Beberapa bulan kemudian, Christine jujur mengenai akibat dari euthanasia dan mengatakan bahwa hal tersebut mungkin tidak seperti yang dibayangkan sebagian orang.
Dia mengatakan tidak ada yang bisa menebak keputusan Troy untuk mati. Namun ada rasa nyaman yang mendalam di akhir penderitaannya dan sifat baik kematiannya.
“Saya tidak mempertanyakan diri saya sendiri apakah itu hal yang benar. Saya tahu persis bagaimana perasaannya,” kata Christine kepada AAP pekan ini.
“Dia takut dengan apa yang akan terjadi (penyakitnya), dan penyakit itu datang dengan sangat cepat.
“Saya tidak bertanya pada diri sendiri apakah itu hal yang benar.’“
“Aku lega bisa memenuhi keinginan Troy. Kami sudah banyak membicarakan hal itu, dalam jangka waktu yang lama. Intinya adalah berhak memilih kematian yang baik daripada kematian yang buruk. Memiliki martabat. Dia punya itu.”
Troy, seorang petugas pemadam kebakaran veteran asal Victoria, baru berusia 54 tahun ketika dia memilih untuk mati dengan cepat, melalui suntikan mematikan, daripada perlahan-lahan karena atrofi beberapa sistem, sebuah penyakit yang tidak dapat disembuhkan dan tidak dapat diobati.
Jika penyakit ini dibiarkan berlanjut, penderitanya akan berada dalam kondisi vegetatif, dan sering kali bisa mati tersedak pada selaput lendirnya sendiri, sehingga fungsi penting seperti menelan menjadi tidak mungkin dilakukan.
Christine mengatakan dia dan anak-anaknya bersyukur Troy bisa terhindar dari kematian seperti itu.

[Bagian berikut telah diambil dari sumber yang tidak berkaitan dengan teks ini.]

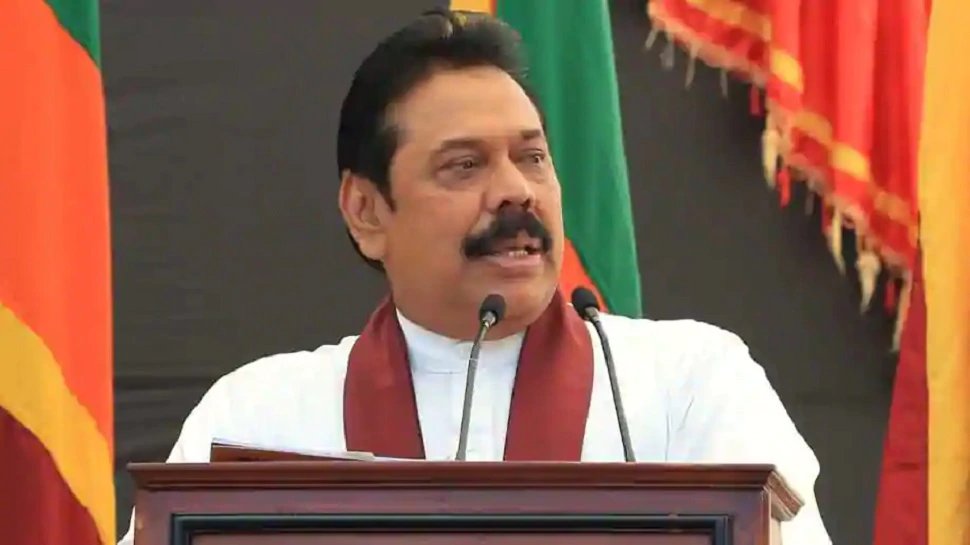 Sri Lanka is going to ban on cow slaughter but there will be no ban on eating beef | भारत का यह पड़ोसी देश गोहत्या पर लगाने जा रहा है प्रतिबंध, लेकिन Beef खाने पर नहीं होगी रोक
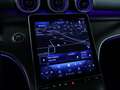 Mercedes-Benz C 300 e AMG Plug-In Hybride | AMG Styling | Panoramadak Rouge - thumbnail 9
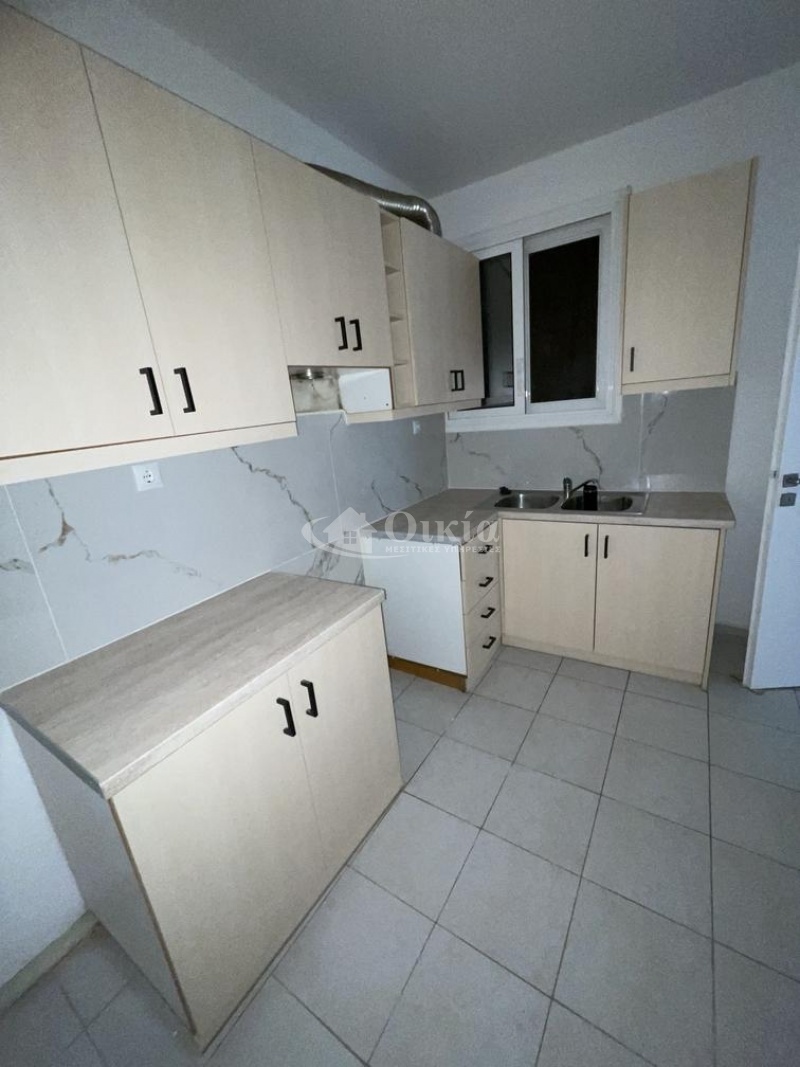 Δ. Φιλίτου, Ιωάννινα, 1 Υπνοδωμάτιο Υπνοδωμάτια, 2 Δωμάτια Δωμάτια,1 Τουαλέτα/ΛουτρόΤουαλέτες/Λουτρά,Διαμέρισμα,Ενοικίαση,Δ. Φιλίτου,5874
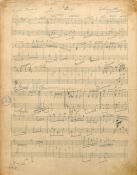 Biblioteca Nacional de Brasil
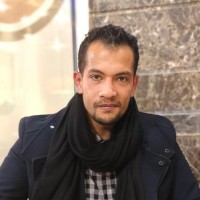 Ibrahim Gaballah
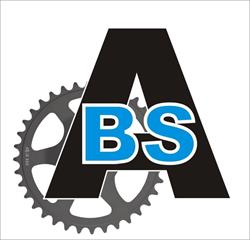 Adam Bike Serwis Rowery Adam Kraśnicki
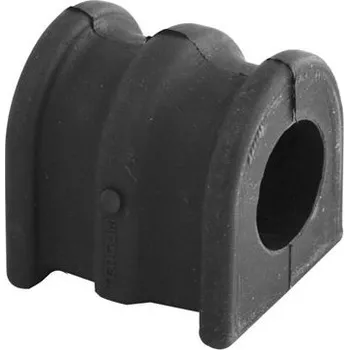 Stabilizátor nápravy Držák, Příčný stabilizátor TEDGUM TED16287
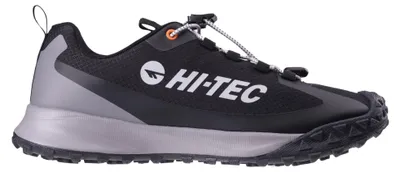 Zdjęcie produktu dla Męskie buty z niską cholewką MOUNTI, Hi-Tec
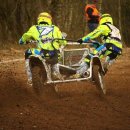 크로스핏 강남 삼성 이미지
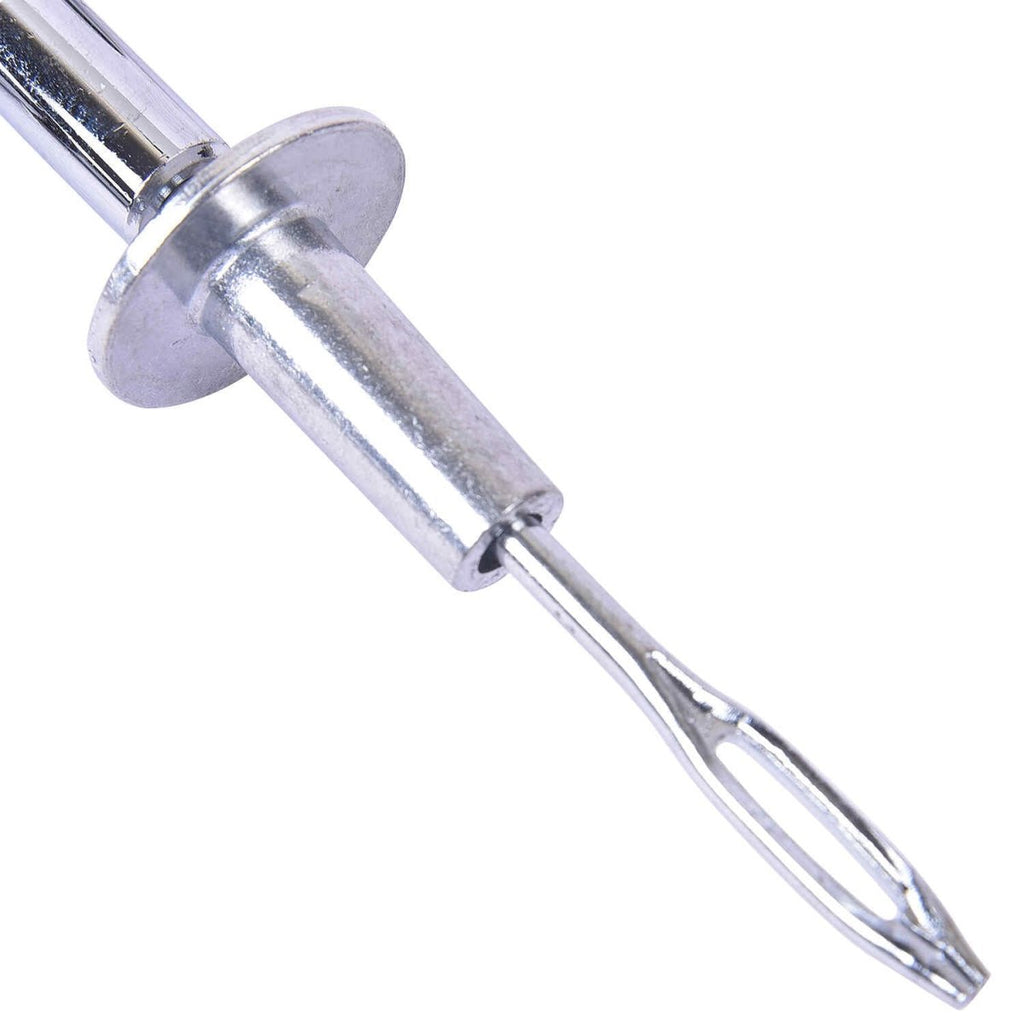 LGP HEAVY DUTY TYRE PUNCTURE REPAIR KIT T0501 - View 5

“Mereka bekerja dengan baik. Sekali lagi, menurut saya kedamaian yang muncul karena mengetahui ayah mereka tidak lagi menderita.
“Kami melakukan banyak percakapan menjelang hal ini, kami mengadakan liburan keluarga, kami menghabiskan banyak waktu bersama dan kami sangat terbuka – selalu membicarakannya, saling mengecek untuk memastikan kami semua baik-baik saja.”
Keputusan Troy untuk meninggal didorong oleh ketakutan akan stadium akhir penyakitnya. Namun Christine mengatakan hal ini juga berkaitan dengan perannya sebagai pelindung keluarga.
“Anak-anak, mereka telah melihat dan mengalami hal-hal yang tidak seharusnya dialami oleh anak-anak.”
Pada hari-hari sebelum mereka terbang ke Swiss, Troy tersedak hingga tidak sadarkan diri, bersama keluarga di sekitarnya.
“Dia berhenti bernapas selama dua menit. Dia khawatir jika hal itu terjadi saat kami tidak di rumah, kami bisa menemukannya mati lemas.
““Dia hanya berkata, ‘Saya tahu saya melakukan hal yang benar. Saya tidak dapat ditemukan seperti ini.”“
“Dia hanya bilang aku tahu aku melakukan hal yang benar. Aku tidak bisa ditemukan seperti ini.”
Christine mengatakan Troy akan senang bahwa pada hari Rabu Victoria akan menjadi yurisdiksi pertama di Australia yang mengizinkan euthanasia dalam lebih dari dua dekade.
Undang-undang tersebut terlalu sempit untuk membantunya karena dia tidak dapat menemukan dua dokter yang dapat mengatakan dengan pasti bahwa penyakit degeneratifnya akan membunuhnya dalam waktu 12 bulan.
““Troy tidak pernah mengira undang-undang pertama akan membantu semua orang, tapi ini adalah permulaan.”“
Namun Christine bersikukuh bahwa undang-undang di Victoria harus menjadi awal, bukan akhir, dari pembicaraan publik mengenai kurangnya pilihan akhir hidup di Australia.
“Troy tidak pernah mengira undang-undang pertama akan membantu semua orang, tapi ini adalah sebuah permulaan,” katanya.
“Orang yang tidak percaya pada euthanasia tidak akan pernah harus memilihnya. Namun pilihan itu tidak boleh ada bagi orang yang menginginkan pilihan, yang menginginkan kematian yang baik.”